When you copy the listing, skip the images and return each line verbatim.

**DATASET SECTION**
++++++++

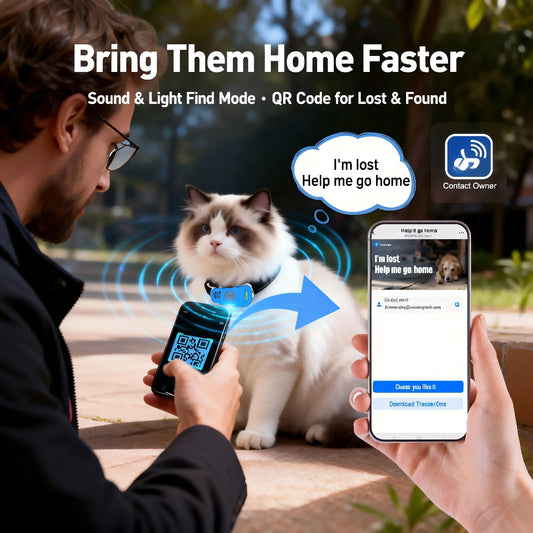 GPS Pet Tracker with Real-Time Location, Geofencing, and 1-Year Service Included by PetZync
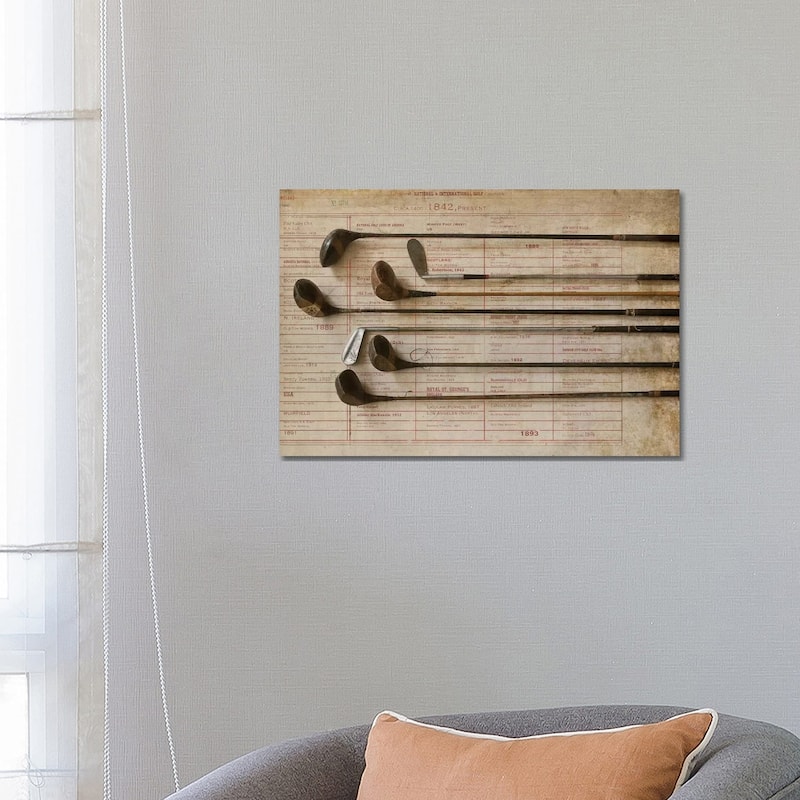 iCanvas "Golf II" by Symposium Design Canvas Print - 18x26x1.5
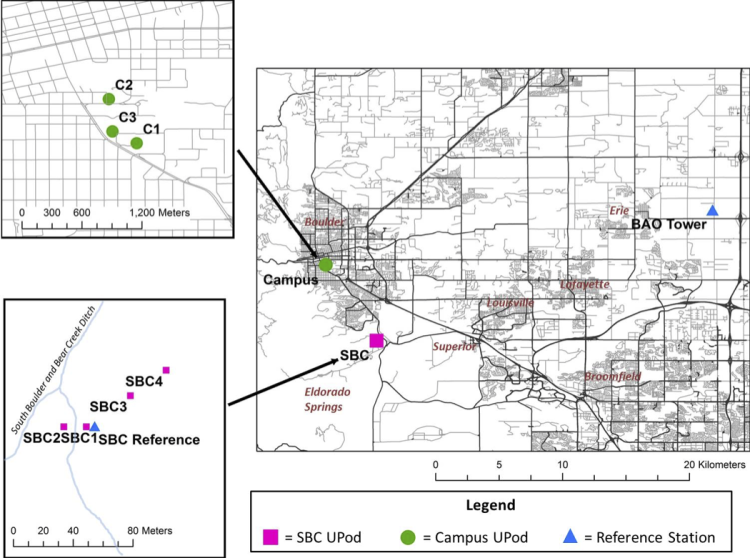 Figure shows Pods were distributed all over Boulder for this project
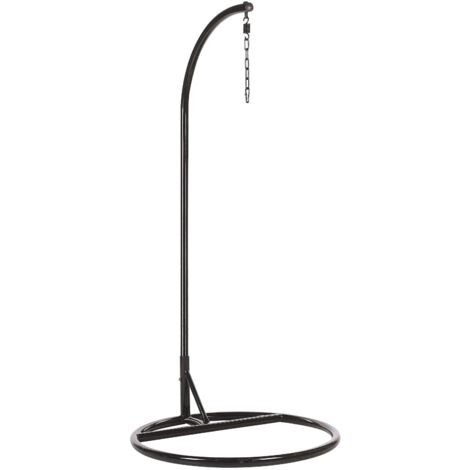 Hanging Chair Stand STAN Metal Black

++++++++

**TASK RESPONSE**
 GPS Pet Tracker with Real-Time Location, Geofencing, and 1-Year Service Included by PetZync
 iCanvas "Golf II" by Symposium Design Canvas Print - 18x26x1.5
 Figure shows Pods were distributed all over Boulder for this project
 Hanging Chair Stand STAN Metal Black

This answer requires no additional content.